Abidine Merzough, ingénieur de formation, vivant
en Allemagne mais effectuant de nombreux séjours dans son pays, suit de
près l’évolution de la situation au Mali, même si l’essentiel de son
combat personnel se joue ailleurs : lui, il a voué sa vie à dénoncer la
situation d’esclavage que connaissent les Mauritaniens noirs. Alors que
le cas de la Mauritanie va être examiné par la Commission des droits de
l’homme de l’ONU qui entame sa session à Genève cette semaine, Abidine
Merzough a participé à un « sommet parallèle » consacré aux
droits de l’homme et à la démocratie, organisé à Genève par UN Watch,
une ONG qui tient à replacer sous les projecteurs plusieurs crises
oubliées : l’Iran, le Tibet, le Pakistan, le Soudan, l’Est du Congo et
même Cuba.
Estimant que la loi de 2007, qui abroge l’esclavage et
place sur le même pied, en théorie, tous les citoyens de la République
islamique de Mauritanie, n’a jamais été réellement appliquée, Abidine
Merzough se bat pour sensibiliser l’opinion internationale au sort
réservé à ses compatriotes noirs. Il rappelle qu’au-delà des apparences
la population de Mauritanie est mélangée : « Les Maures monopolisent
les postes importants, dans l’armée, l’administration, les affaires et
se considèrent comme une majorité. Mais en réalité, les “Maures blancs”

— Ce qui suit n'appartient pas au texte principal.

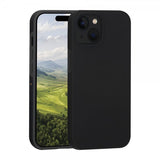 dbramante1928 iPhone 15 Plus Deksel Iceland Ultra D3O MagSafe Svart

ne représentent qu’un quart de la population. La confusion vient du fait
qu’au sein de toutes les familles maures vivent les “Haratins” . Ces
Noirs représentent 50 % de la population, mais ils sont confondus avec
les Maures car ils partagent la même culture, le même langage, la même
religion, un islam sunnite de rite malékite et souvent les familles
blanches et noires vivent sous le même toit ».
Pour Merzough, lui-même Haratin d’origine, la différence se résume aisément : «
Les uns sont les maîtres et les autres des serviteurs dépourvus de
droits. Toutes les tâches domestiques leur sont dévolues, la famille
“blanche” se repose sur ses domestiques noirs pour tout, amener l’eau,
cuisiner, nettoyer, cultiver… En principe certes, les Haratins peuvent,
s’ils le veulent, quitter la maison de leurs maîtres. Mais dans ce cas,
ils se retrouvent dépourvus de moyens et de logement. La réalité de leur
situation, c’est qu’ils sont exclus de la richesse et du pouvoir. On
les retrouve aussi dans l’armée, mais ils ne seront jamais officiers… »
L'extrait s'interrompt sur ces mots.